Please stop by to have a cup of coffee and share a poem or saying that has shaped your outlook on life.

Thursday, October 2, 2008

Collaborative vs. Cooperative Groups

Recently, I heard it said that when you collaborate, the group result is smarter than the smartest member. And to me that’s a pretty good reason to collaborate! When each member of the group brings with him/her a different set of experiences and is willing to contribute ideas and respectfully consider others’ thoughts, the stage is set. Then, when there ensues discussion of the ideas, debate, questions, clarifications, and building upon the initial ideas, it becomes a collaboration. The group agrees upon a course of action and then writes, edits and revises the final report. The result of a successful group collaboration is more robust, more complex, and more complete than what one member would have been able to produce.

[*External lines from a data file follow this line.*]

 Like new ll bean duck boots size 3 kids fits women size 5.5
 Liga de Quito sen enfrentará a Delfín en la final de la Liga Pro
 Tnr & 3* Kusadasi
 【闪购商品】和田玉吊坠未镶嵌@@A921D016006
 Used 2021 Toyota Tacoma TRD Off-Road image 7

Cooperative group work, on the other hand, lacks the same degree of social interaction, the evolution of ideas, the construction of knowledge. The cooperative group cuts the task into pieces, farms out the work to members, and each member goes off and does their task, and somehow at the end they cobble the pieces back together.

Our group strove to follow the collaborative approach. We met in Palace three times and used the discussion forum and wiki. We emailed a lot - sharing ideas and revising versions of the text. I felt that during this exercise I learned about the learning process and learned new approaches to teaching and preparing lessons from my team members.

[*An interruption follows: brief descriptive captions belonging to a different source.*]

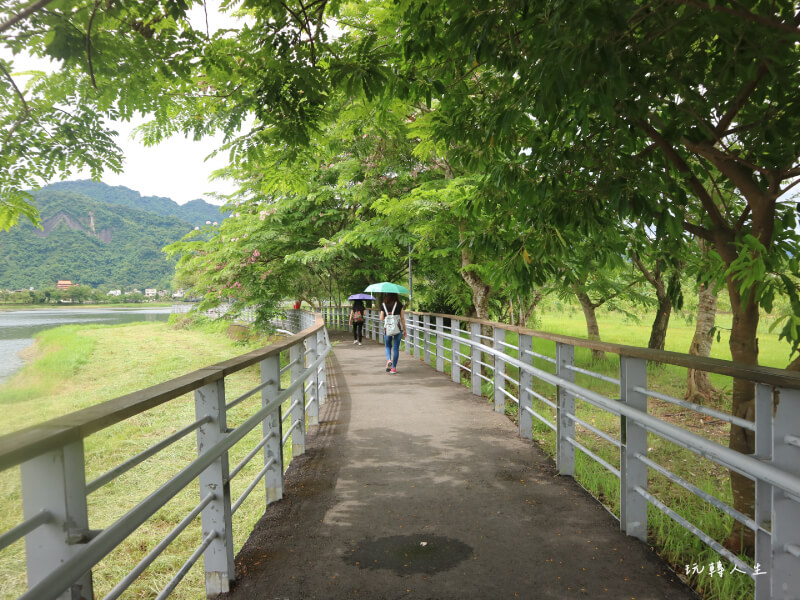 高雄市美濃區景點-想要運動或放鬆的話，湖邊有步道可以走路，也有腳踏車道可以騎車。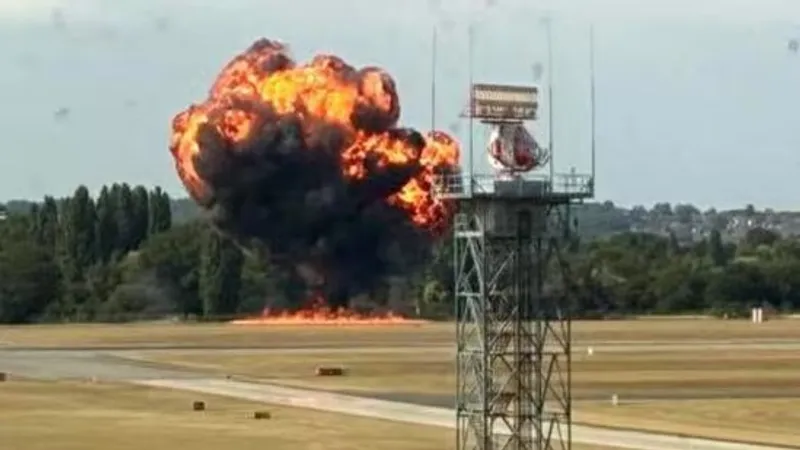 ਲੰਡਨ ਦੇ ਸਾਊਥਐਂਡ ਹਵਾਈ ਅੱਡੇ ’ਤੇ ਛੋਟਾ ਜਹਾਜ਼ ਹਾਦਸਾਗ੍ਰਸਤ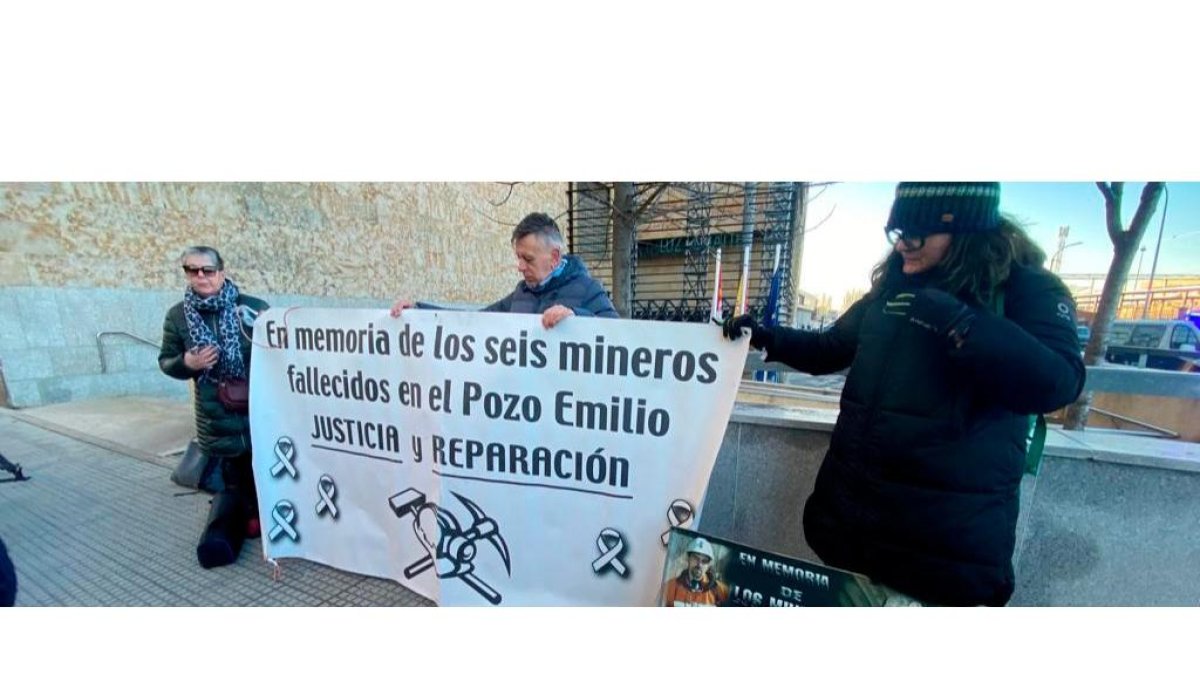 Cartel en memoria de los mineros fallecidos en el Pozo Emilio. RAMIRO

Our group idea was that Janice would do an interdisciplinary, technology-infused unit on the presidential election using constructivist principles. Within this unit students would do various individual and group activities including Internet research on the presidential and vice-presidential candidates, participate in an on-line kids election and online computer election simulations, write blogs, create a class wiki, devise campaign slogans and signs and create a brief campaign video. For the culminating project, Janice would facilitate a debate with students taking the roles of the candidates.

1 comment:

Unknown said...

DaphneG1 Collaborative vs Cooperative Groups

From reading the blog on collaborative vs cooperative groups, I discern that collaborative groups are the way to go. Karen Amster states that collaborative groups are more "robust, more complex and more complete than what one member would have been able to complete". I would agree with this since collaborative is defined as all processes which involve the work of several people as a whole, and produces a feeling of enrichment, respect, and solidarity. It's everyone's responsibility.
Whereas, cooperative refers to learning, but more in the form of a group presentation. While this is similar to collaboration, it is as Devonee Gram and Karen Amster state "states that the cooperative group "farms out the work to members, and each member goes off and does their task, and somehow at the end they cobble the pieces back together".